How to complete this task ->
Here is the task for the records below: repeat exactly the lines from the one with "Control Station Basic* with" to the one with "Donna's Premier Lodging, Reserva", both included, and nothing else.

** Opening Data shown block **

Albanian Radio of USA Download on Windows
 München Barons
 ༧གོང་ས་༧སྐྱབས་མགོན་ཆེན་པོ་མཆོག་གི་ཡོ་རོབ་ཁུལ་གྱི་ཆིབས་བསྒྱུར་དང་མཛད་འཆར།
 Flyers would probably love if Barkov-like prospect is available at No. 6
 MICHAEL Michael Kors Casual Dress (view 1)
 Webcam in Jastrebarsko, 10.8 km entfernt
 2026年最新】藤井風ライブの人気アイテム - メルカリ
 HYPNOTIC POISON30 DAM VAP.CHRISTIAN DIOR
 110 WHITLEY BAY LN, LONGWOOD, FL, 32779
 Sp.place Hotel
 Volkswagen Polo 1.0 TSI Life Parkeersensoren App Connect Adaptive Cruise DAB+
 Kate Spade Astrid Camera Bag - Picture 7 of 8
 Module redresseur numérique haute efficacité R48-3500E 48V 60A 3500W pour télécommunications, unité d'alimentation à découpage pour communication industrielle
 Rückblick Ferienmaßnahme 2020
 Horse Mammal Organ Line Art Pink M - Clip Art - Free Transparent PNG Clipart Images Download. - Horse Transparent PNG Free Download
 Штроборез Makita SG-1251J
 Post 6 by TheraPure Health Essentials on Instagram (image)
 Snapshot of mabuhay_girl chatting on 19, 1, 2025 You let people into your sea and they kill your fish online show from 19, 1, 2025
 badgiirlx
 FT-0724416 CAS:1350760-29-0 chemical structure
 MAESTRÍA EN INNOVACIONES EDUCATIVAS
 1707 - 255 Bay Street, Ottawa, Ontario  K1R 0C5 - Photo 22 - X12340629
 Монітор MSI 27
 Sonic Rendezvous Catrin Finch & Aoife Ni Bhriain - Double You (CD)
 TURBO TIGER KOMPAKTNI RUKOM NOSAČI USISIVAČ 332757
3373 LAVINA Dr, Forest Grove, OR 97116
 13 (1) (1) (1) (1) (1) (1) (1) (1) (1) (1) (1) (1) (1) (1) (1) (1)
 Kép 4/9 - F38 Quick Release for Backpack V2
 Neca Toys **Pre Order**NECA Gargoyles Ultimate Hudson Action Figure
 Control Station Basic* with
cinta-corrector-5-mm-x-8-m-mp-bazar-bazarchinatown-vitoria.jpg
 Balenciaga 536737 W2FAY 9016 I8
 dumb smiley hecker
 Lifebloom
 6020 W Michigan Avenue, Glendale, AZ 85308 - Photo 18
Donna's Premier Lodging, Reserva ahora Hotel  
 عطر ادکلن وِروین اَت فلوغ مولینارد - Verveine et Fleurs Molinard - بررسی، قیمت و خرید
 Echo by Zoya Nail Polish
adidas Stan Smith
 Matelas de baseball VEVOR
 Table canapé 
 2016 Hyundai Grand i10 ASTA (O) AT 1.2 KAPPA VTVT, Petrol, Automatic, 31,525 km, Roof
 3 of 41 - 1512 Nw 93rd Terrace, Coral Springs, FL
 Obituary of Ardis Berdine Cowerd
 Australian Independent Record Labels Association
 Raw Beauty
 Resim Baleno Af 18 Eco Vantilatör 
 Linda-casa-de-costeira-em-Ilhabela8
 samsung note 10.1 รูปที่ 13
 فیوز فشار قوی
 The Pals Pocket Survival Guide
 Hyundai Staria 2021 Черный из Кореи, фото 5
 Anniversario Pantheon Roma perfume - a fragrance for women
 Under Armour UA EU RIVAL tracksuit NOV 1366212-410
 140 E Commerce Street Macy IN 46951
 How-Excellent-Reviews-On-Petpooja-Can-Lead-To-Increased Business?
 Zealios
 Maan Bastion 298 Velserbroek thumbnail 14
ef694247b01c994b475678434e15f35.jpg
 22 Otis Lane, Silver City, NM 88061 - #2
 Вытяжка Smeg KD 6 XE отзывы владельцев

** Closing Data shown block **

Result for this exercise ->
 Control Station Basic* with
cinta-corrector-5-mm-x-8-m-mp-bazar-bazarchinatown-vitoria.jpg
 Balenciaga 536737 W2FAY 9016 I8
 dumb smiley hecker
 Lifebloom
 6020 W Michigan Avenue, Glendale, AZ 85308 - Photo 18
Donna's Premier Lodging, Reserva ahora Hotel  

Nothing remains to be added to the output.